PROBLEM STATEMENT: Read the data and repeat it in full, exactly.

(RECORDS SHOWN begins)

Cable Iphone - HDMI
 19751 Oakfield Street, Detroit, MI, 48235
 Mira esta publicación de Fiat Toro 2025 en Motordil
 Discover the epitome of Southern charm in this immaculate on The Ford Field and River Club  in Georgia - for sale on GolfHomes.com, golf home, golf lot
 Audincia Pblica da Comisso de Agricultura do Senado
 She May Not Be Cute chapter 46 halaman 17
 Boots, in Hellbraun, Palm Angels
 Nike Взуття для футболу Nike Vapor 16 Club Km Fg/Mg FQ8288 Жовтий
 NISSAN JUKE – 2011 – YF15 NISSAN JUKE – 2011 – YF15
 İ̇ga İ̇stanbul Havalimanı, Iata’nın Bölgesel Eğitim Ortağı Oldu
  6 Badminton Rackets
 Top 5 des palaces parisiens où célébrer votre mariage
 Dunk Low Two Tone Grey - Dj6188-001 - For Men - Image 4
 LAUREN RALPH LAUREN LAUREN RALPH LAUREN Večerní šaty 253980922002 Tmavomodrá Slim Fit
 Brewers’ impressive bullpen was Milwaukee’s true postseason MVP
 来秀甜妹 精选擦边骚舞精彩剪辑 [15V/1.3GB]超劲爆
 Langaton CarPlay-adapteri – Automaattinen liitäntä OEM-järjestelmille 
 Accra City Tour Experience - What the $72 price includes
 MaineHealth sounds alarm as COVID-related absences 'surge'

(RECORDS SHOWN ends)

ANSWER TO THE PROBLEM:
Cable Iphone - HDMI
 19751 Oakfield Street, Detroit, MI, 48235
 Mira esta publicación de Fiat Toro 2025 en Motordil
 Discover the epitome of Southern charm in this immaculate on The Ford Field and River Club  in Georgia - for sale on GolfHomes.com, golf home, golf lot
 Audincia Pblica da Comisso de Agricultura do Senado
 She May Not Be Cute chapter 46 halaman 17
 Boots, in Hellbraun, Palm Angels
 Nike Взуття для футболу Nike Vapor 16 Club Km Fg/Mg FQ8288 Жовтий
 NISSAN JUKE – 2011 – YF15 NISSAN JUKE – 2011 – YF15
 İ̇ga İ̇stanbul Havalimanı, Iata’nın Bölgesel Eğitim Ortağı Oldu
  6 Badminton Rackets
 Top 5 des palaces parisiens où célébrer votre mariage
 Dunk Low Two Tone Grey - Dj6188-001 - For Men - Image 4
 LAUREN RALPH LAUREN LAUREN RALPH LAUREN Večerní šaty 253980922002 Tmavomodrá Slim Fit
 Brewers’ impressive bullpen was Milwaukee’s true postseason MVP
 来秀甜妹 精选擦边骚舞精彩剪辑 [15V/1.3GB]超劲爆
 Langaton CarPlay-adapteri – Automaattinen liitäntä OEM-järjestelmille 
 Accra City Tour Experience - What the $72 price includes
 MaineHealth sounds alarm as COVID-related absences 'surge'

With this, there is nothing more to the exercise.